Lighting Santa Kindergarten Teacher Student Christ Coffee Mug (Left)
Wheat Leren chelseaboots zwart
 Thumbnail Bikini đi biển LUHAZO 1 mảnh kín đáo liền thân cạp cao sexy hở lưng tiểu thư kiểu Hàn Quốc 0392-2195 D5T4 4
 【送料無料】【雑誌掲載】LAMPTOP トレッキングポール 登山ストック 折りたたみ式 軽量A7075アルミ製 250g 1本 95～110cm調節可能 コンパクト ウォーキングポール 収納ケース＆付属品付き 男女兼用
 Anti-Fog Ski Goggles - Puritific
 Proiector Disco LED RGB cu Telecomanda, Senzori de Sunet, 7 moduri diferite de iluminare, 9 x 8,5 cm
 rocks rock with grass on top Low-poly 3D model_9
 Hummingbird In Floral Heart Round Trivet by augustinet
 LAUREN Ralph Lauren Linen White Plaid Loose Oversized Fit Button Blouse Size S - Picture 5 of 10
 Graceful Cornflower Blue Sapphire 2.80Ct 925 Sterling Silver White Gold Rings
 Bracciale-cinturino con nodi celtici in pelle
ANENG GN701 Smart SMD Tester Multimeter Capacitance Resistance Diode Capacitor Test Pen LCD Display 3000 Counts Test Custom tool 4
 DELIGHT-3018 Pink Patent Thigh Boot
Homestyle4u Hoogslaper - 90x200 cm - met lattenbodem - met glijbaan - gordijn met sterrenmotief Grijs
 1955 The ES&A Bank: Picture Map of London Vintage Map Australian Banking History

────────────────────────────────────────

## What you will do
Among the lines above, some may hold the string "Picture". State how many, giving the number alone.

## Your response
2